PETALING JAYA: Malaysia’s procurement system needs to address flaws in the current mechanism and make disclosures of direct negotiations, says the Institute for Democracy and Economic Affairs (Ideas).
"The mechanism only discloses the winning bidder and costs, which is insufficient for effective accountability," said its Public Finance Unit manager, Alissa Rode, in a Thursday (Sept 21) statement.
Her comments followed the Sept 14 announcement of institutional reforms by the Special Cabinet Committee on National Governance.
“There should also be disclosure throughout the contract's life, such as when price changes or modifications occur.
“These disclosures would provide information for better checks and balances,” she said.
In the event that direct or competitive negotiation is necessary, it should be disclosed and justified publicly before awarding a contract, she added.
She urged for sufficient oversight of sensitive defence contracts despite the need for secrecy, which can be achieved through mandatory reporting to a Parliamentary Special Select Committee.
In addition, Ideas also welcomed the government's commitment to review the existing legal framework of statutory bodies' subsidiaries to align with principles of good governance and recommends the government to consider best practices derived from the OECD Guidelines on Corporate Governance of State-Owned Enterprises.
“Two aspects need to be adhered to: observing high standards of transparency and conducting an appointment process that is transparent and professional.
“Statutory bodies should be subject to a higher standard of public disclosure, compliance and oversight,” she added.
Citing data from Pantau Kuasa, she pointed out 238 political appointments across 72 federal statutory bodies under the previous administration, not including political appointments in government-linked companies (GLCs).
She said the proposed reforms would only be effective if the right to information is guaranteed.
The reforms are needed to reduce potential abuses and conflicts of interest, as well as risks of wastage and inefficient operations in the companies, all of which serve the public interest, she added.
“This is why the Special Cabinet Committee's commitment to enacting a Freedom of Information (FOI) Act is crucial.

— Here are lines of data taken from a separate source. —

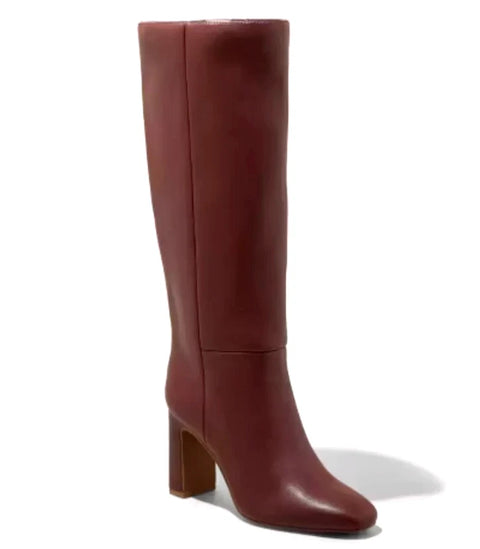 Brown knee-high boot on a white background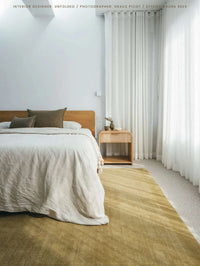 Tait Rug Pistachio color hand-loomed New Zealand wool with textured finish in modern home setting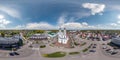 aerial full hdri 360 panorama view over square of historical center with white baroque catholic church in equirectangular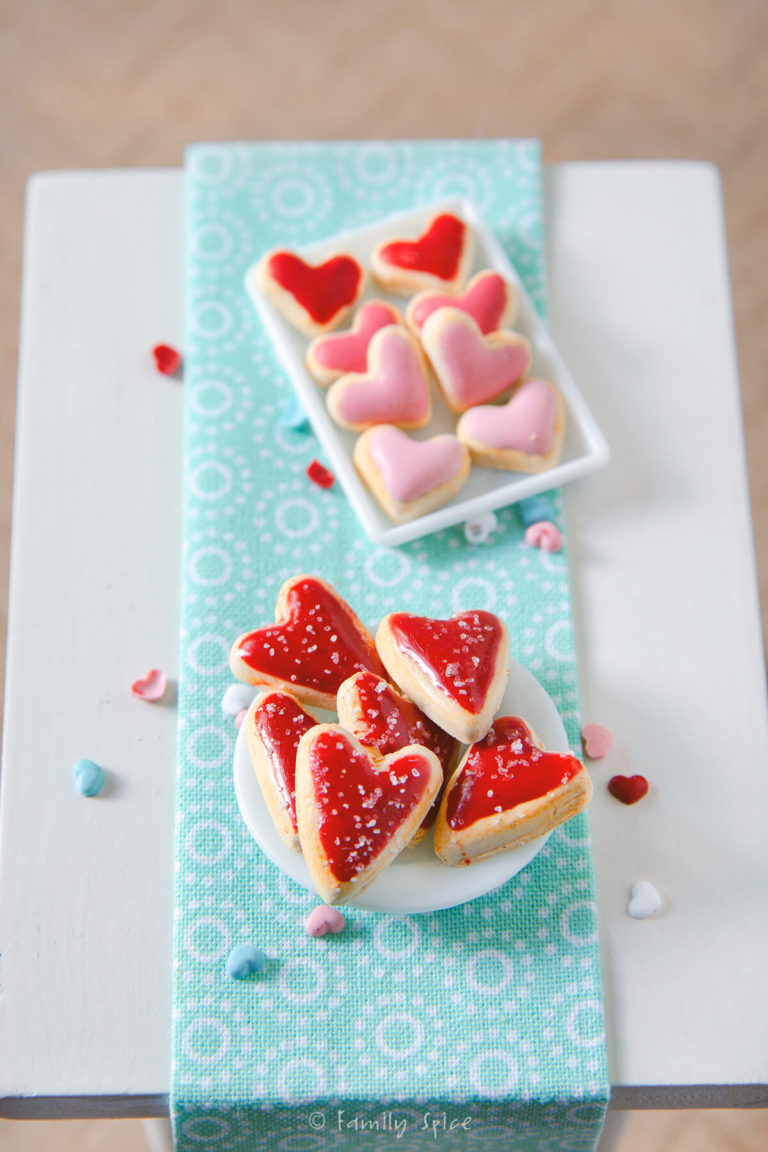 Miniature valentine heart cookies made with polymer clay on a dollhouse table
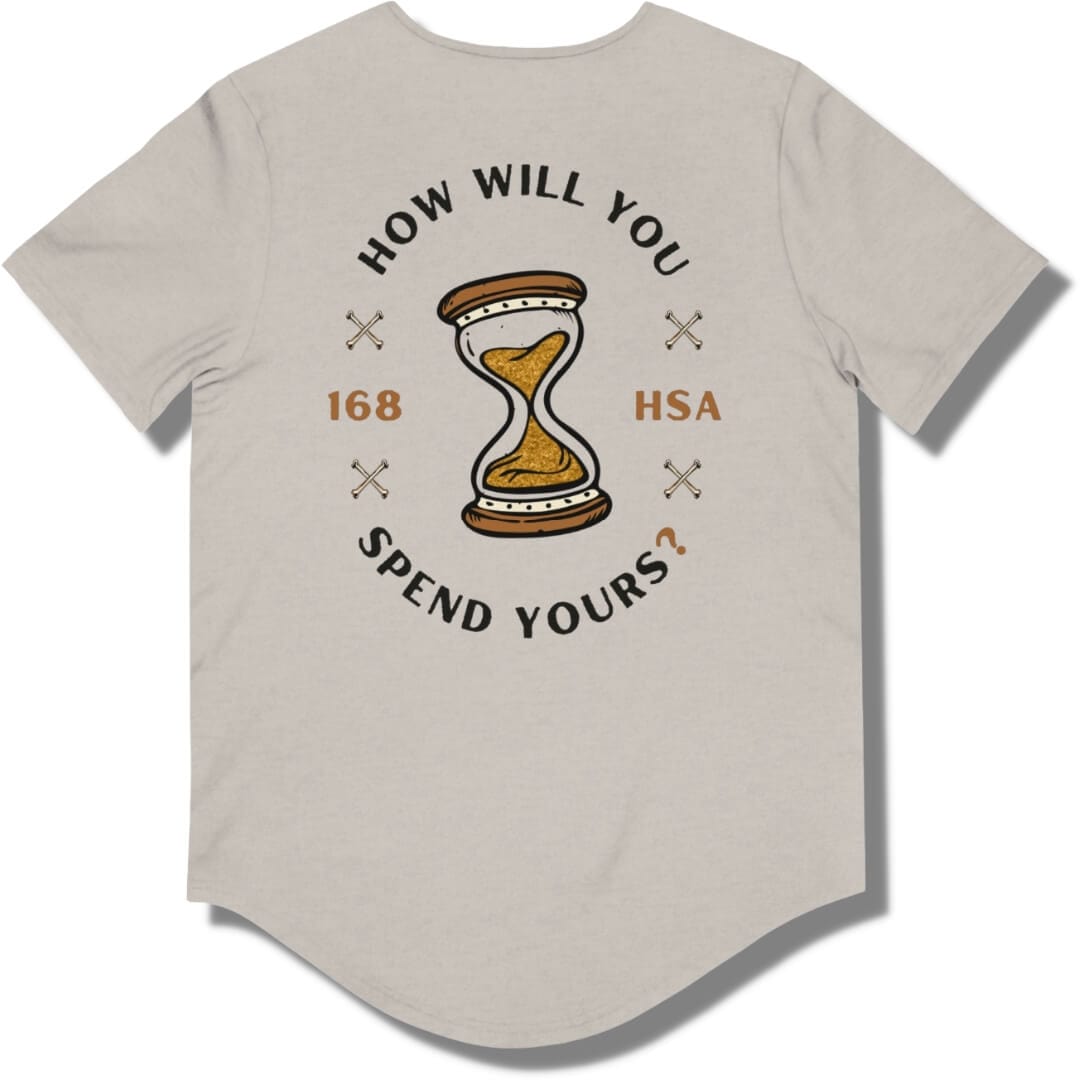 Back side of a heather cool grey curved hem t shirt with "how will you spend yours" in an oval shape. The font is in black and gold with an hour glass in the center.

"Only with such an Act can citizens meaningfully scrutinise government actions, including how our money is spent.
“Lastly, the commitment to amend the Official Secrets Act (OSA) is crucial, not only for enabling better access to information but for the health of our democracy (in general).
“With FOI in place and a less restrictive OSA, I am hopeful that open, transparent governance will become the norm rather than an exception in Malaysia,” Alissa said.
Ideas also called for a public consultation on the actual wording of these reform Bills before they are tabled.